Unequal Risk

Published — May 29, 2018

Methodology of Unequal Risk investigation

View this interactive to explore cancer risks and OSHA exposure limits.

Introduction

Our data analysis behind the Unequal Risk investigation into work-related diseases in America.

CANCER RISK

Our interactive cancer-risk graphic is based on an analysis by Adam M. Finkel — a former director of OSHA’s health regulatory divisions who is now at the University of Pennsylvania Law School — and the Center for Public Integrity. It tackles a thorny question: If 1,000 workers are exposed to a chemical’s legal limit over their entire careers, how many will likely get cancer as a result of that exposure? What, in other words, is the excess risk above and beyond the cancer risk everyone faces?

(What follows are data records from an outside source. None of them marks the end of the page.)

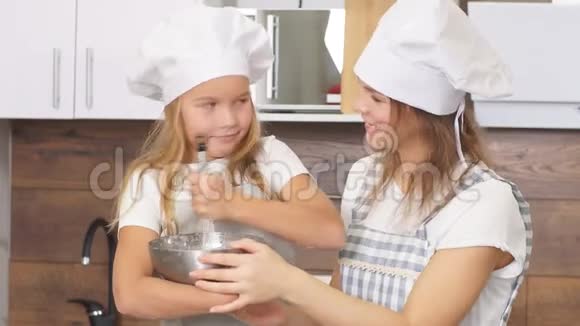 年轻的母亲和女儿在厨房里做面团视频的预览图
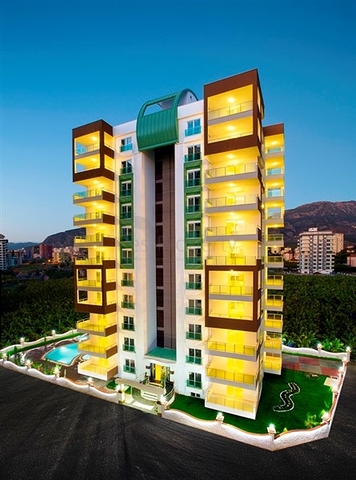 شقة بإطلالة جبلية ضمن مجمع حديث في منطقة محمود لار – ألانيا 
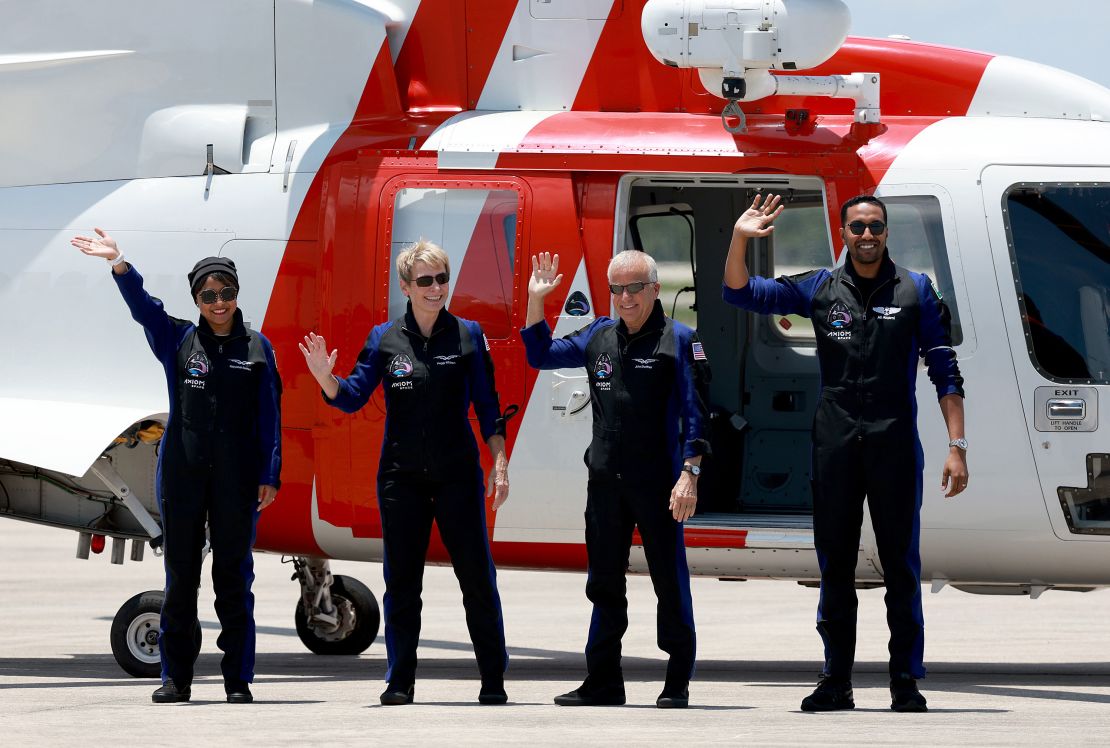 CAPE CANAVERAL, FLORIDA - MAY 21: (L-R) Saudi astronaut Rayyanah Barnawi, former NASA astronaut Peggy Whitson, investor and pilot John Shoffner, and Saudi astronaut Ali AlQarni wave before being brought to the SpaceX Falcon 9 rocket with the Crew Dragon spacecraft for launch from pad 39A at the Kennedy Space Center on May 21, 2023 in Cape Canaveral, Florida. The crew will be flying to the International Space Station to conduct science experiments. (Photo by Joe Raedle/Getty Images)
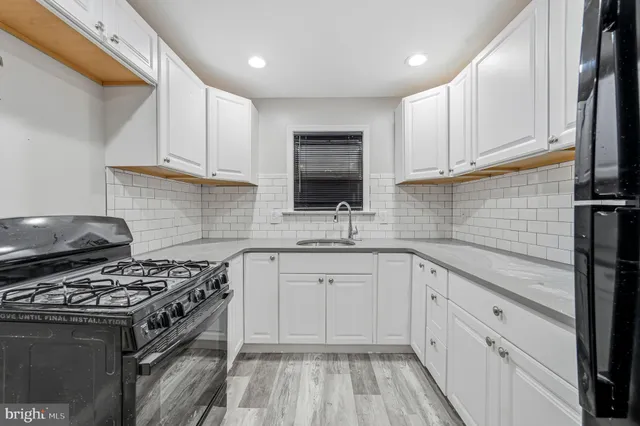 a kitchen with granite countertop a sink stove and cabinets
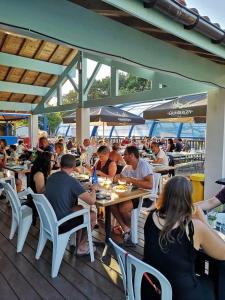 a group of people sitting at tables in a restaurant at Camping 4 étoiles - Piscine - eecaad in Aureilhan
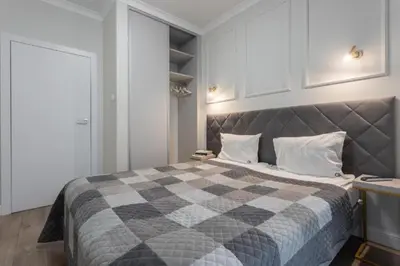 Łóżko lub łóżka w pokoju w obiekcie Urban Chic - Luxury Stay for up to 15 Guests in Mennica Residence, Warsaw Center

First, an important note: Any risk analysis produces estimates, not exact numbers. Its value is showing how much hazards can vary under the law. (This analysis doesn’t look at average exposures, but rather the impact of what exposure at exactly the legal limit would be. But the Center also mined an OSHA inspections database for a separate analysis to find out how often the agency detected several toxic substances above the legal level. See the exposure-data section below for more on that.)

Our group of theoretical workers is 1,000-strong for a reason. OSHA considers a grave risk such as cancer that affects one worker in 1,000, all equally exposed over the length of their careers, to be “clearly significant.”

That means the agency should enact workplace standards that lead to less risk, particularly since OSHA says it doesn’t see 1 in 1,000 as the dividing line between too much and OK. But for all the years the agency has quantified risk — since the Supreme Court required it in 1980 — OSHA has never enacted a standard on the right side of that threshold, it says. Court decisions have made clear that limits must be set based on what is technologically and economically feasible — a hotly contested issue.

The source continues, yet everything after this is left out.